- Work request -
Every entry below is to be copied word for word, with its pictures removed.

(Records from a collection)
Content starts

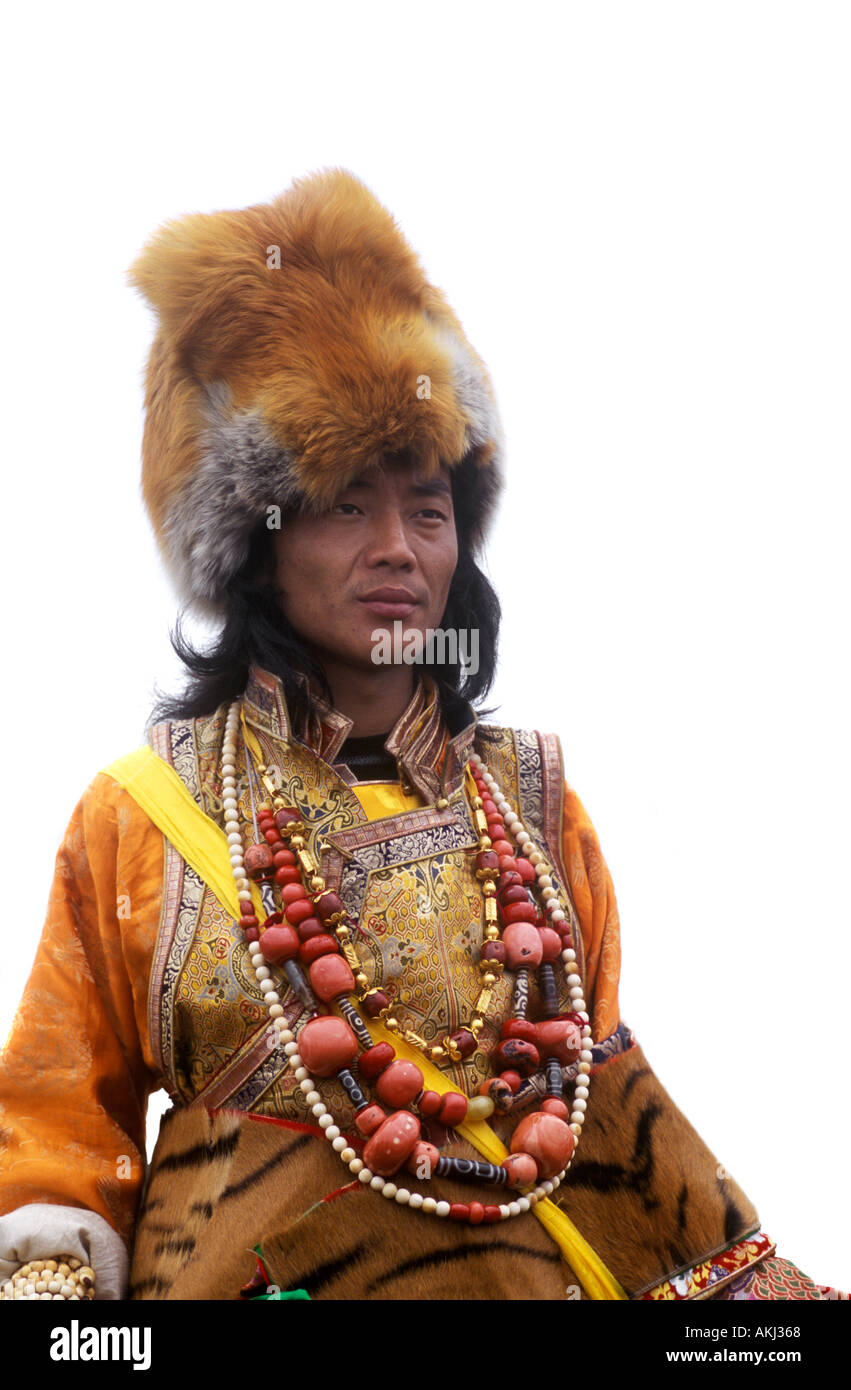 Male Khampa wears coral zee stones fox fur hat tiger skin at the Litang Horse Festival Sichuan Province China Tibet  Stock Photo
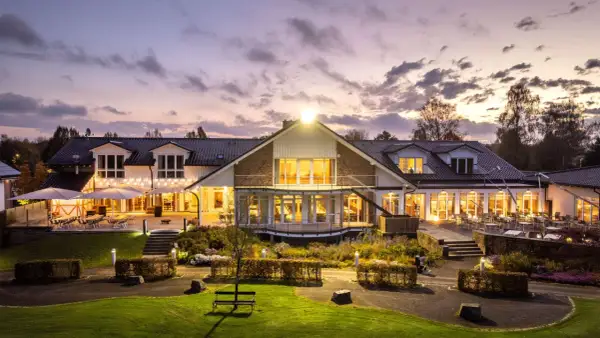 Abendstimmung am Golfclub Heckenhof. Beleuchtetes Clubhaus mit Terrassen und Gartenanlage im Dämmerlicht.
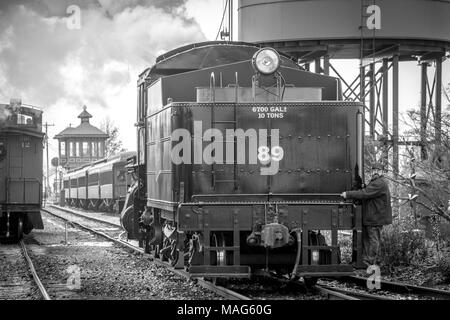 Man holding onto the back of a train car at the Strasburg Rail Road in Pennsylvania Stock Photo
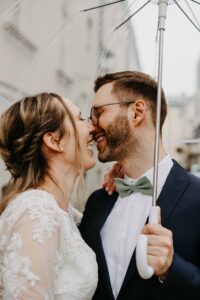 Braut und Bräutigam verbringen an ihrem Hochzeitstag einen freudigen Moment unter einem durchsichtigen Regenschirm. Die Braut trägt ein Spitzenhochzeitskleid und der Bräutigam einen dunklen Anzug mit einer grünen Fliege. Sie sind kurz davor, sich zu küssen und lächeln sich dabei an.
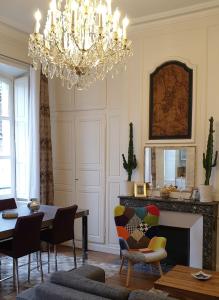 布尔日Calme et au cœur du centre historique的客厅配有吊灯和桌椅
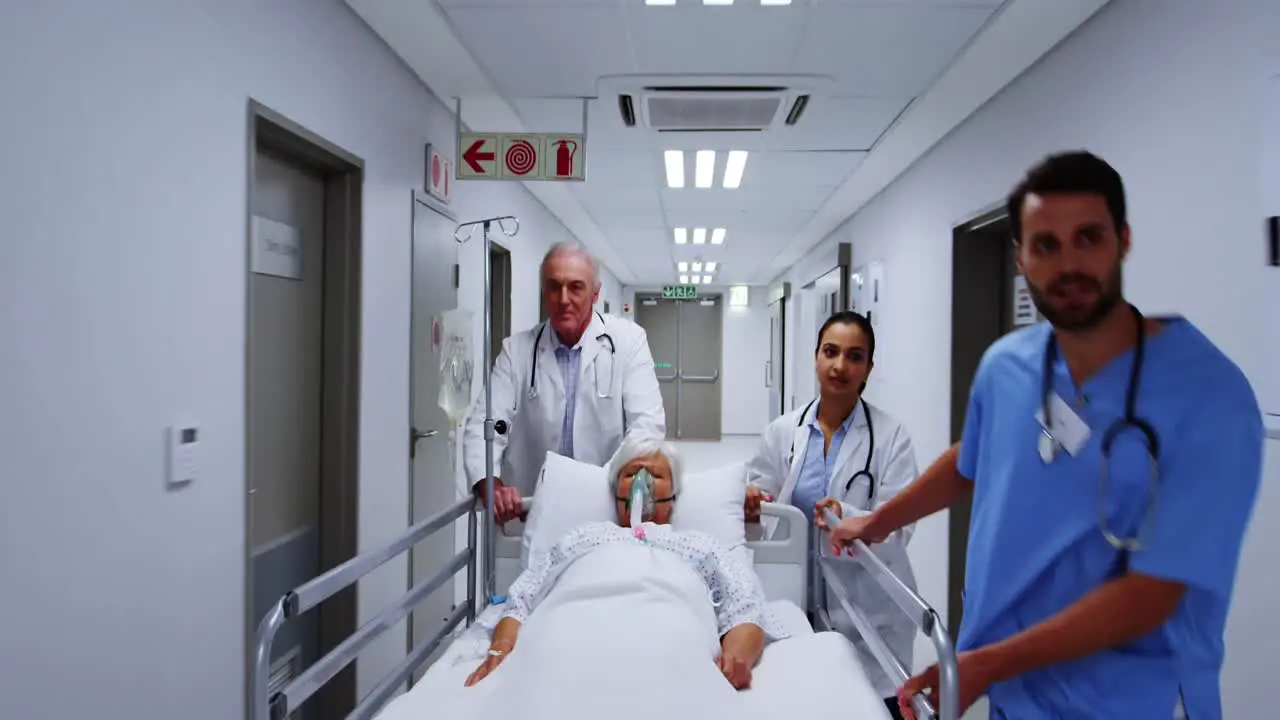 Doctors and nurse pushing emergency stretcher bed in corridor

Content ends

- Result for this exercise -
 Male Khampa wears coral zee stones fox fur hat tiger skin at the Litang Horse Festival Sichuan Province China Tibet  Stock Photo
 Abendstimmung am Golfclub Heckenhof. Beleuchtetes Clubhaus mit Terrassen und Gartenanlage im Dämmerlicht.
 Man holding onto the back of a train car at the Strasburg Rail Road in Pennsylvania Stock Photo
 Braut und Bräutigam verbringen an ihrem Hochzeitstag einen freudigen Moment unter einem durchsichtigen Regenschirm. Die Braut trägt ein Spitzenhochzeitskleid und der Bräutigam einen dunklen Anzug mit einer grünen Fliege. Sie sind kurz davor, sich zu küssen und lächeln sich dabei an.
 布尔日Calme et au cœur du centre historique的客厅配有吊灯和桌椅
 Doctors and nurse pushing emergency stretcher bed in corridor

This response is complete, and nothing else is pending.